# Shrunken Head tutorial and video



## elputas69 (Oct 27, 2014)

Hey all,
After a long time, I've finally put the Shrunken Head tutorial together, video and all. Just in time for Halloween.

Let me know if you have any questions!

www.monstertutorials.com/shrunken

And the video:















Cheers!


----------



## bobzilla (Nov 13, 2008)

Thank you for sharing!
Super cool!


----------



## RoxyBlue (Oct 6, 2008)

Thanks for showing the process. I still can't get over how real these look.


----------



## kitchie (Sep 29, 2015)

So creepy and the heads look real..


----------



## Iniquity (Oct 13, 2015)

I started half a dozen of these last night and am experimenting with a few different faces. They are definitely turning out awesome. Way better than the Amazon add on shrunken head I bought earlier in the season.


----------



## elputas69 (Oct 27, 2014)

Iniquity said:


> I started half a dozen of these last night and am experimenting with a few different faces. They are definitely turning out awesome. Way better than the Amazon add on shrunken head I bought earlier in the season.

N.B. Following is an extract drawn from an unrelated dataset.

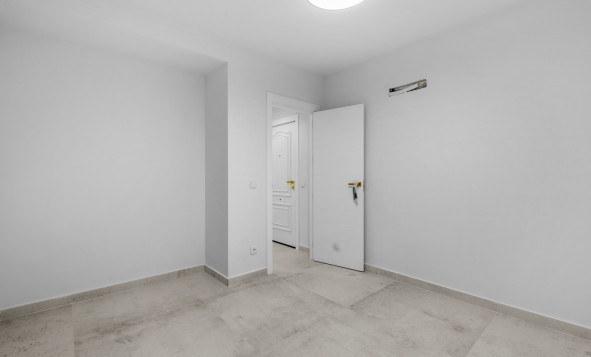 Reventa - 1. Apartamento / piso - Torrevieja - Costa Blanca Sur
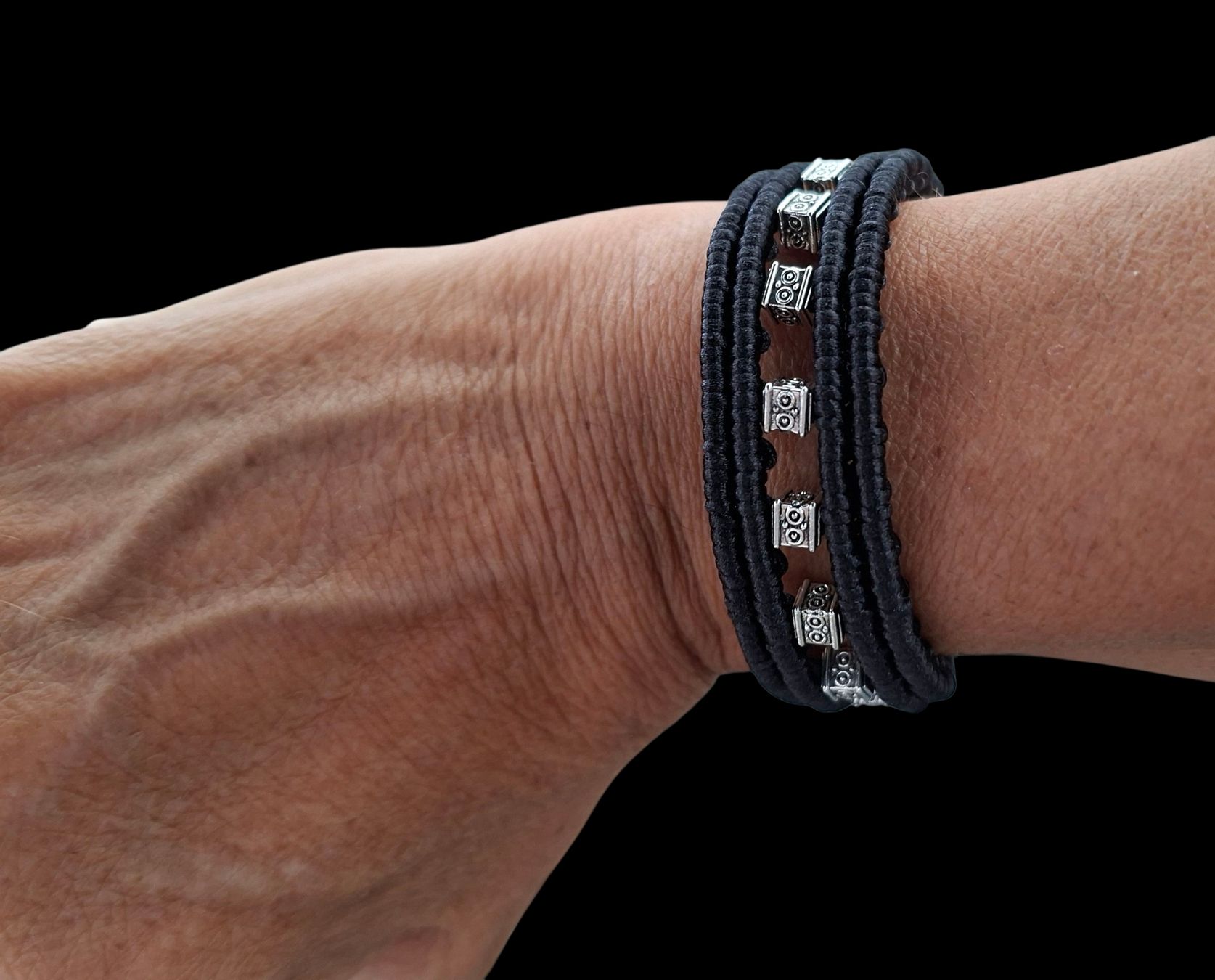 Bracciali & Braccialetti: Exclusives Armband mit quadratischen Silber-Perlen. Handmade – Nuovo (secondo la descrizione) da Luzern venduto da Bbig 1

That's awesome! Make sure to take some pics!!


----------



## Iniquity (Oct 13, 2015)

Here's my bunch so far. My twine split pretty bad while sewing the lips on this one and I only have black burlap, which doesn't show up as well, so I'm holding off on sewing any more mouths shut for now. LOVE the eyelid affect. I left some of mine with only one eyelid. I also recycled a cat food can for the base, cutting the florist foam to fit the inside of the can. Plan on using hammered spray paint to cover both the can and the mount.

I LOVE this project. I have about a million even tinier heads I want to do this to and make a string of them to hang somewhere.

Oh and the hair is a major PITA. haha! Totally worth it.


----------



## elputas69 (Oct 27, 2014)

Those are awesome! Very creepy and cool!


----------



## Iniquity (Oct 13, 2015)

elputas69 said:


> Those are awesome! Very creepy and cool!


Thank you! I just wanted to post some now that I finished them! I ended up using the black latex I got for them to paint their bases. Also figured out the easiest freakin' thing ever with the hair. You'll love this! The first one, where I said the hair is a PITA, was just strands cut off a wig. The WAY EASIER way was to cut the wig at the weave/net in the shape you need to cover the area and glue on all at once. This made finishing these guys so much easier and cleaner! Then I teased the hair. This was a human quality, kanekalon wig so the hair was not as coarse and easy to mess up as doll hair.


----------



## elputas69 (Oct 27, 2014)

Nice! These turned out great. The bases are really cool too!


----------